Problem description:
If a line in the entries includes "transforms", show that line.

Data extracts:
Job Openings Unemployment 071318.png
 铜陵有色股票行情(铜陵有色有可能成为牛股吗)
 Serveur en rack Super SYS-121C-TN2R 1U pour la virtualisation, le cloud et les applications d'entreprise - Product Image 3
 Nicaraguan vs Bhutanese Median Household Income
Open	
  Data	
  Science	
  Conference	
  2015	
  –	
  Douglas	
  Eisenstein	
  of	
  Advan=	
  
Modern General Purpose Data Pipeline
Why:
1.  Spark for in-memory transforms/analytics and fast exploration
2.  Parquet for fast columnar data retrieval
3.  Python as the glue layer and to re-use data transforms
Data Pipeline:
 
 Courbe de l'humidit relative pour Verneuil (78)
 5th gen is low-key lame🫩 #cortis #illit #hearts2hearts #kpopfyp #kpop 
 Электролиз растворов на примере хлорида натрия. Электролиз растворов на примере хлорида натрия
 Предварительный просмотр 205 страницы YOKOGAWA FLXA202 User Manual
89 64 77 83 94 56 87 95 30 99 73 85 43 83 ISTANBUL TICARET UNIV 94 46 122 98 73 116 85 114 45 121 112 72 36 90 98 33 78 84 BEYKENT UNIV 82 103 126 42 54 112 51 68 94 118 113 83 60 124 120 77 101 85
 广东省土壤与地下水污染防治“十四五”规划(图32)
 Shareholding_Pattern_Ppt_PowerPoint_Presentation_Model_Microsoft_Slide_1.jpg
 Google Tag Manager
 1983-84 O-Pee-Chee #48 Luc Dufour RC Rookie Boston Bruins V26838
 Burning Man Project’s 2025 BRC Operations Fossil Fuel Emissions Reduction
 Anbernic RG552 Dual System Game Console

Result of the task:
1.  Spark for in-memory transforms/analytics and fast exploration
3.  Python as the glue layer and to re-use data transforms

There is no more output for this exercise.